In conclusion, we have to agree with Gerd Lüdemann: “The fact of the death of Jesus as a consequence of crucifixion is indisputable.”
PART 7
DID JESUS RISE FROM THE DEAD?
CHAPTER 25
THE POSITIVE CASE
THE BEST EXPLANATION OF THE FACTS
Jesus’ death on the cross is not the end of the Christian message. The gospel is that Jesus then rose from the dead. Whereas every other life ended in death, Jesus’ death ended in life, and his resurrection is the basis of all Christian confidence. Death is nothing to be feared. Jesus has conquered it, and we are in him.
His resurrection has been the locus of Christian confidence from the inception of the church. In the book of Acts, Luke records the first Christian sermon, in which Peter concludes by proclaiming the resurrection: “God has raised this Jesus to life, and we are all witnesses of it” (Acts 2:32 NIV). In his next recorded sermon, Peter says, “You killed the originator of life, but God raised him from the dead. We are witnesses of this” (Acts 3:15).1 No fewer than eleven passages in the book of Acts record the early church proclaiming Jesus’ resurrection. This was the message that established the early church: Jesus rose from the dead.
But the importance of the resurrection is perhaps stated most clearly by Paul, who says in 1 Corinthians 15:14, “And if Christ has not been raised, our preaching is useless and so is your faith” (NIV). Christian preaching and Christian faith are useless if Jesus remains dead and was not raised. If he did not overcome death, neither will we.
Did Jesus rise from the dead? Do we have good reason to believe in Christ’s resurrection? If so, it is a solid foundation for Christian faith.
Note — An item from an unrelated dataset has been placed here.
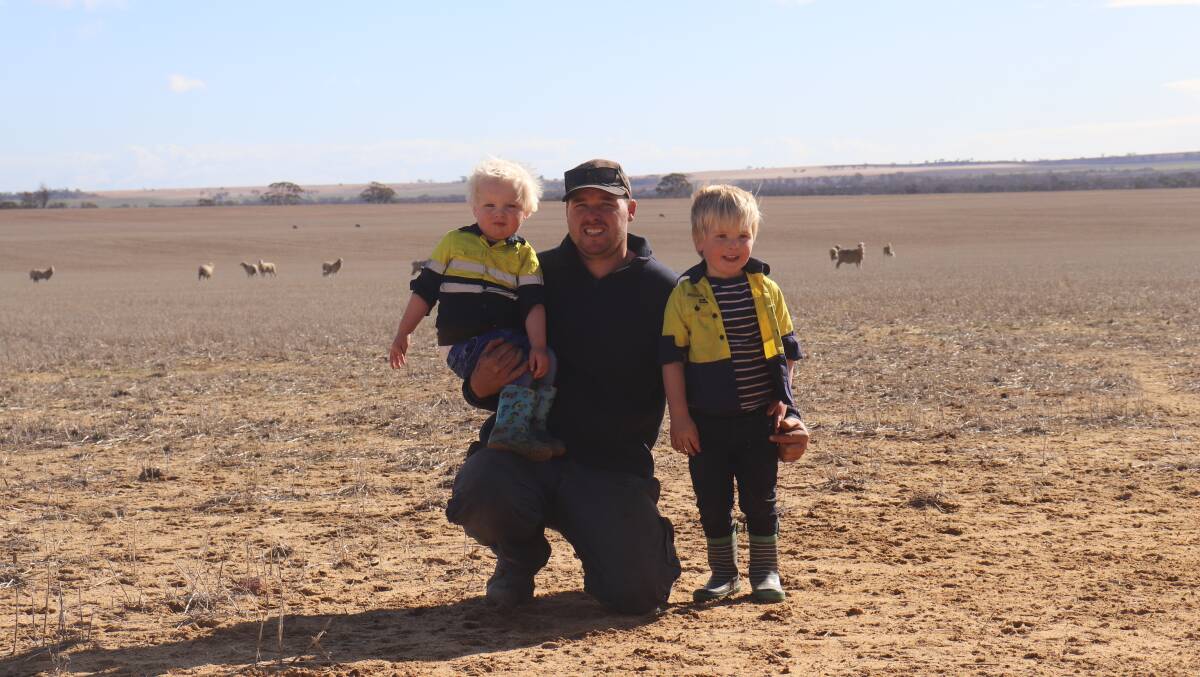 Bruce Rock farmer Callan Butler with sons Ollie and Mason.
If not, Christians are the most pitiful people of all.2
That was what Mike argued about a year after my father and I sat in his living room, but this time, seven hundred other people were listening. In 2004, Mike Licona debated Shabir Ally, the famous Muslim debater, on the question: “Did Jesus rise from the dead?”3
THE MINIMAL FACTS APPROACH
That night, Mike was advancing an argument pioneered by his friend Gary, called the Minimal Facts Approach. The advantages to the argument are that it is powerful, easy to understand, and so simple that it can be stated in one sentence: There are historical facts surrounding Jesus’ crucifixion that virtually all historians agree upon, and by far the best explanation of those facts is that Jesus rose from the dead.
To provide some background, Gary had spent thirty years cataloguing the positions of historical Jesus scholars, whether agnostic, atheist, Jewish, Christian, or any other worldview. He read everything published about the historical Jesus in scholarly journals and monographs written in French, English, or German. He noticed that, on some matters, well over 90 percent of scholars were unanimous.4 While considering those facts, he realized that they were best explained by Jesus’ resurrection. By far. Every other explanation either ignored or strained the historical facts surrounding Jesus’ death.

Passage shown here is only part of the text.